- [YOUR INSTRUCTIONS]: For the listing below, output exactly the lines from the line with "Cover: Mikroelement selen: unikal′nye" up to and including the line with "Id Rather Be", and no other lines.
########
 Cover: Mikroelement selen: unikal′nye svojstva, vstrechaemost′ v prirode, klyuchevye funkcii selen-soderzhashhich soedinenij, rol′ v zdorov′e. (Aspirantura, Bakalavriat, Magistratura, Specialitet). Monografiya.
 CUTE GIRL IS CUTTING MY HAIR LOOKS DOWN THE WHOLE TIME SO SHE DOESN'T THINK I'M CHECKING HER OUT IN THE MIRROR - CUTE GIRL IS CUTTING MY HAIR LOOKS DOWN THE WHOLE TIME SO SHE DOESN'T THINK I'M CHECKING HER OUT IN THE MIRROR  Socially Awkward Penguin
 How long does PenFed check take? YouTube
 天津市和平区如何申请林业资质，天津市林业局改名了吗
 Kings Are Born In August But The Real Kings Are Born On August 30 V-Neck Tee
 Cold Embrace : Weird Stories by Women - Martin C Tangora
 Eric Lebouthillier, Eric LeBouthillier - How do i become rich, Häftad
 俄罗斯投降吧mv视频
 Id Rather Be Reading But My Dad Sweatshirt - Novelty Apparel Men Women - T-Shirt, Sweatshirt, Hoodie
########
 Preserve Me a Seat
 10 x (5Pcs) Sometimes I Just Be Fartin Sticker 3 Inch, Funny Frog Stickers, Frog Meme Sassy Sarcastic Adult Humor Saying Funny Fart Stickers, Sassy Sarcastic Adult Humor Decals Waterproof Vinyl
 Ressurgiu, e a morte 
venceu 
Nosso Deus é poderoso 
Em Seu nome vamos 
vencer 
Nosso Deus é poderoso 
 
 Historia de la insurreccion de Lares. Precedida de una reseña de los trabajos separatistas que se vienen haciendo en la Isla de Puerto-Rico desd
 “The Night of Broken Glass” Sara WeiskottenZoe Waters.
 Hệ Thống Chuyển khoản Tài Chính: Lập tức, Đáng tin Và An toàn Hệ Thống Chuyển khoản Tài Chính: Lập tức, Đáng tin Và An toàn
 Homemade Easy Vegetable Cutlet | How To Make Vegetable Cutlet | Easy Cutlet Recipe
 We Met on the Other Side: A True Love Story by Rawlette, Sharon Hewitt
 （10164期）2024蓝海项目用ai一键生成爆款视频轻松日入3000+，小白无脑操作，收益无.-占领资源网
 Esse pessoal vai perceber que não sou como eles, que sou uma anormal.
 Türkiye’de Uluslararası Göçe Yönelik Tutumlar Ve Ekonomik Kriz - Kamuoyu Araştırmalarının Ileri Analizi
########
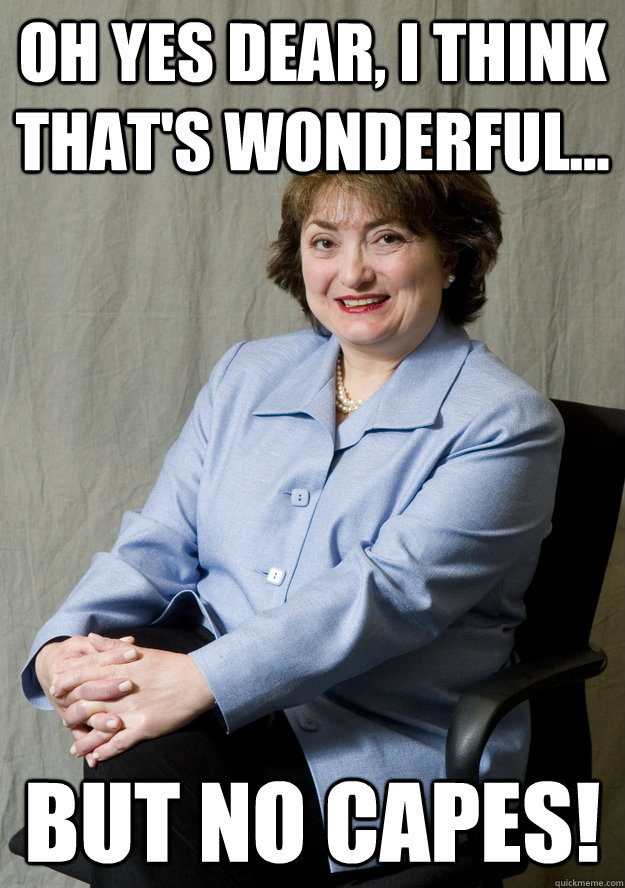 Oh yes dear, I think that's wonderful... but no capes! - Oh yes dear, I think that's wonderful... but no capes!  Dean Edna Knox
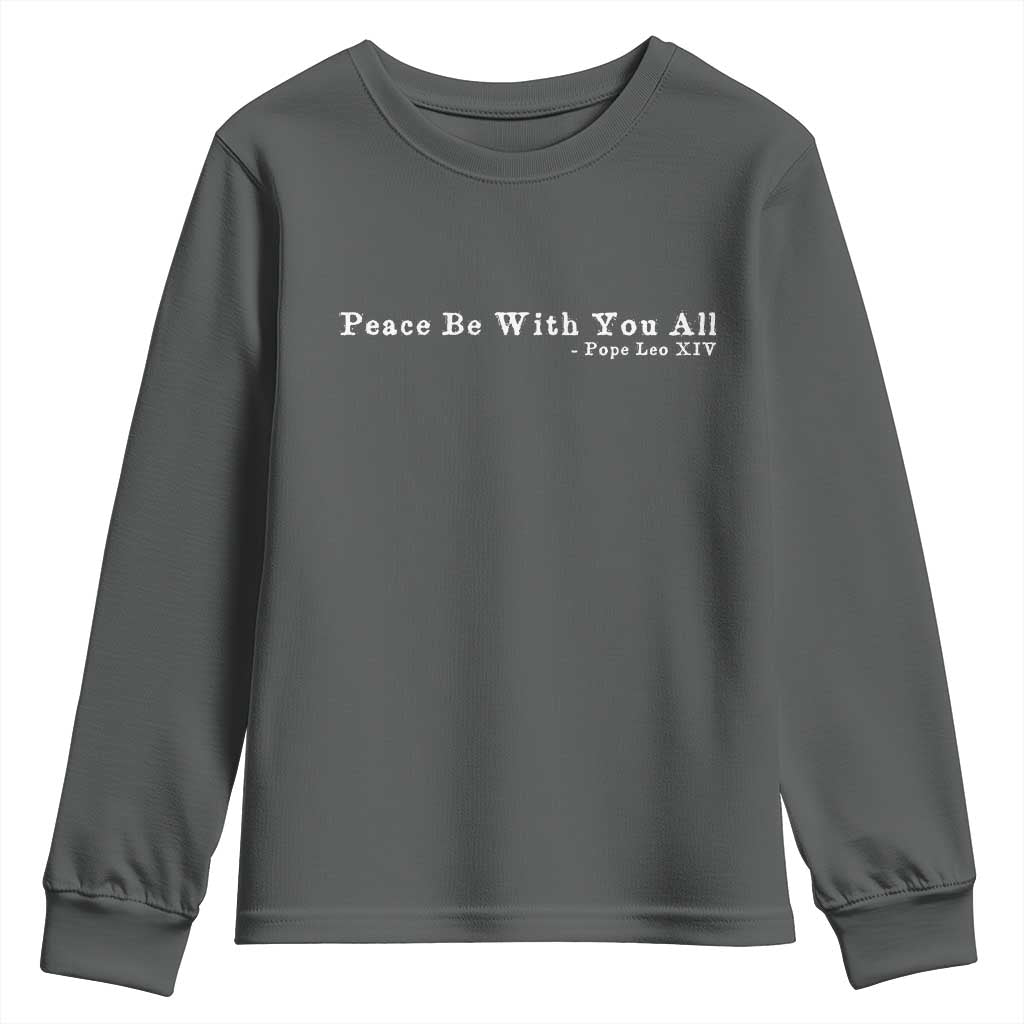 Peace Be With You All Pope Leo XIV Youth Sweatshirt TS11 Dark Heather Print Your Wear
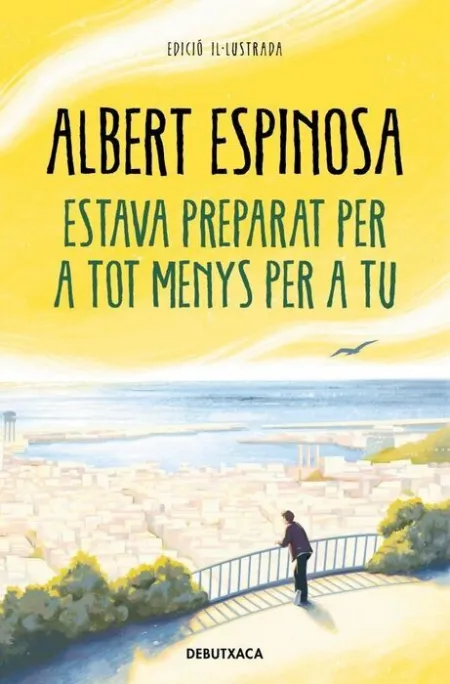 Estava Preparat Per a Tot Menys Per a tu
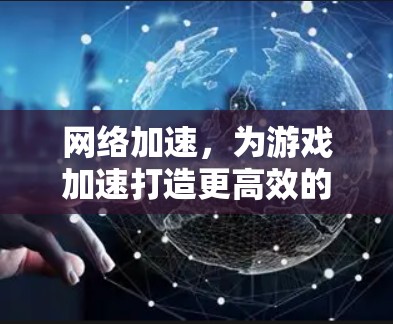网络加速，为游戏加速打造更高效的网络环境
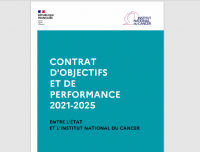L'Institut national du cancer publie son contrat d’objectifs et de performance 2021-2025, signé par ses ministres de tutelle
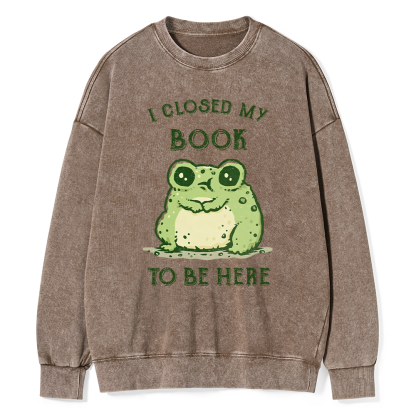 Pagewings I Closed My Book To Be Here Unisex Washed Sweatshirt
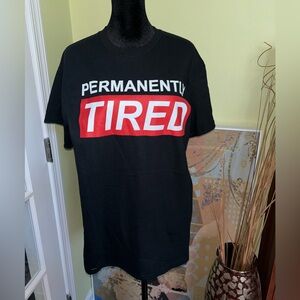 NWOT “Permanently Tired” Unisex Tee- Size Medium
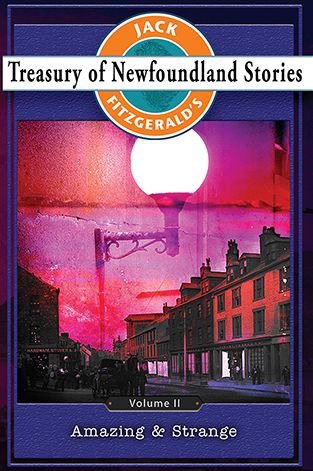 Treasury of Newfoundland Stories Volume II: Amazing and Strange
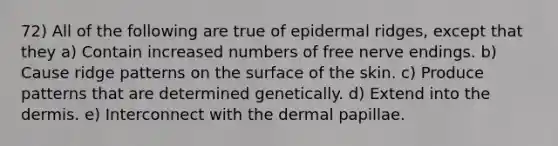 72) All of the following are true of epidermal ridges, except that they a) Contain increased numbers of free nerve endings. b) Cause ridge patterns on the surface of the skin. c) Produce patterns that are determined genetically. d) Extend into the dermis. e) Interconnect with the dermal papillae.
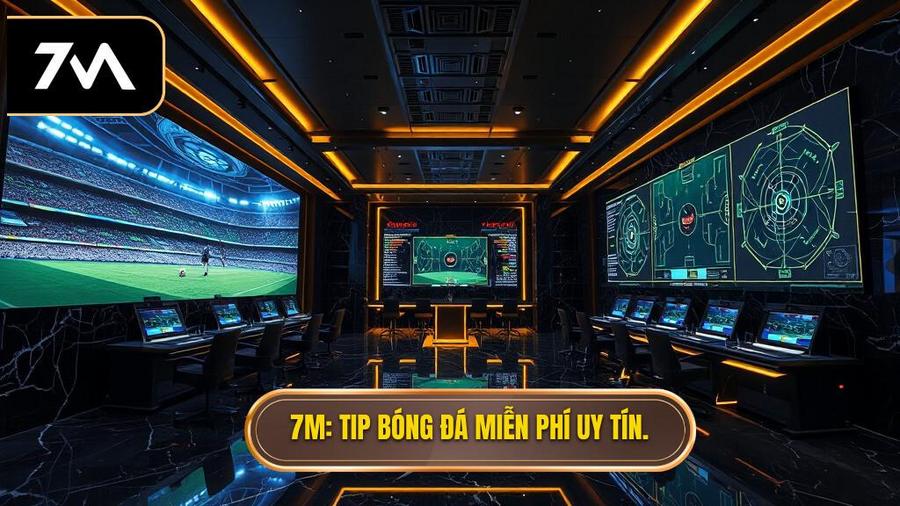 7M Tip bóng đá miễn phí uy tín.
########
- [RESPONSE]:
 Cover: Mikroelement selen: unikal′nye svojstva, vstrechaemost′ v prirode, klyuchevye funkcii selen-soderzhashhich soedinenij, rol′ v zdorov′e. (Aspirantura, Bakalavriat, Magistratura, Specialitet). Monografiya.
 CUTE GIRL IS CUTTING MY HAIR LOOKS DOWN THE WHOLE TIME SO SHE DOESN'T THINK I'M CHECKING HER OUT IN THE MIRROR - CUTE GIRL IS CUTTING MY HAIR LOOKS DOWN THE WHOLE TIME SO SHE DOESN'T THINK I'M CHECKING HER OUT IN THE MIRROR  Socially Awkward Penguin
 How long does PenFed check take? YouTube
 天津市和平区如何申请林业资质，天津市林业局改名了吗
 Kings Are Born In August But The Real Kings Are Born On August 30 V-Neck Tee
 Cold Embrace : Weird Stories by Women - Martin C Tangora
 Eric Lebouthillier, Eric LeBouthillier - How do i become rich, Häftad
 俄罗斯投降吧mv视频
 Id Rather Be Reading But My Dad Sweatshirt - Novelty Apparel Men Women - T-Shirt, Sweatshirt, Hoodie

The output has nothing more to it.